Ken Hakoda, music director and conductor of the Salina Symphony, has resigned from the Salina Symphony and from his teaching position at Kansas Wesleyan University, effective Monday.
Hakoda said he plans to retire from music and move back to his native Japan to work on “a new dream.”
Hakoda was named Salina Symphony music director and conductor in 2004. During his tenure, the Salina Symphony increased the number of musicians in the orchestra, doubled its number of performances and experienced substantial growth in ticket sales, according to a release from the Symphony.
Under Hakoda’s leadership, the Symphony’s Youth Education Program expanded from one orchestra into a comprehensive education program involving more than 200 students.
Hakoda has ties to Abilene with Meta West and Kyle Campbell serving on the board of directors of the Salina Symphony and Abilene residents Steve Henry and Denise Blehm are among the musicians.
In 2011, Hakoda initiated the popular Symphony at Sunset in Abilene on the first Saturday in June as part of D-Day celebration on the Eisenhower Presidential Library campus.
The concert is expected to continue in Abilene.
“We owe a debt of gratitude to Maestro Hakoda and Eisenhower Library’s former director, Karl Weissenbach, for their vision in creating the Symphony at Sunset,” said Adrienne Allen, executive director of the symphony. “This annual concert has become a family tradition for many area residents to attend. It will absolutely continue through the Salina Symphony and Eisenhower Presidential Library partnership. It’s our orchestra’s favorite concert of the year.”
At Kansas Wesleyan, Hakoda taught choir, music education and music theory classes.
The Ken Hakoda Endowed Conductor Chair was established for the Symphony through the Greater Salina Community Foundation in May 2014.
In a recent letter he wrote to the musicians of the Salina Symphony, he said, “I left my family in Japan when I was 16, have lived in the United States for 30 years (16 of which were in Salina). My parents are getting older and have battled major illnesses in recent years. I feel this will give me opportunities to spend time with them and also learn new skills for my next step. Yes, I am retiring from music. I gave everything I had for the Salina Symphony and also KWU, and I have nothing left in me as a musician. However, I am excited for new opportunities and a dream in Japan.”
Matt Thompson, president and CEO of KWU said in a statement, “For more than 15 years, Dr. Ken Hakoda has made major contributions to the university and the Salina community with his leadership of the KWU music program. With our talented faculty and a new director, we will begin a new chapter, building on the shoulders of those who left their legacies and taking the program to a new level.”
Hakoda praised the Salina Symphony and the opportunities it gave him to grow as a musician.

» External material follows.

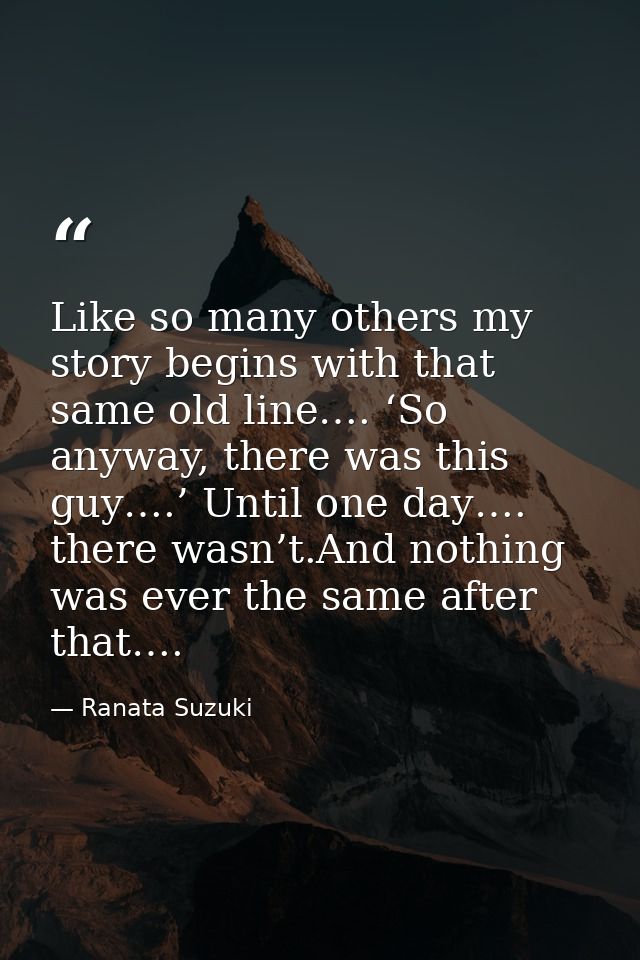 Like so many others my story begins with that same old line…. ‘So anyway, there was this guy….’ Until one day…. there wa — Ranata Suzuki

“The Salina Symphony was my life and life work since I was appointed as the music director in 2004,” he wrote. “The Symphony was my love. The Symphony made my dreams come true as a musician — conducting many major symphonies and works and giving me the tools to create/produce special concerts like the Christmas Festival and Sunset concerts. I have nothing but gratitude for all of you.”
Hakoda was unusual as a conductor because he led both choral and orchestral works. He also has composed more than 20 works.
The Salina Symphony board has named David Littrell as interim conductor for the 2019-20 season. Littrell, of Manhattan, retired in 2018 as a distinguished professor of music at Kansas State University, where he conducted the University Orchestra and taught cello and double bass.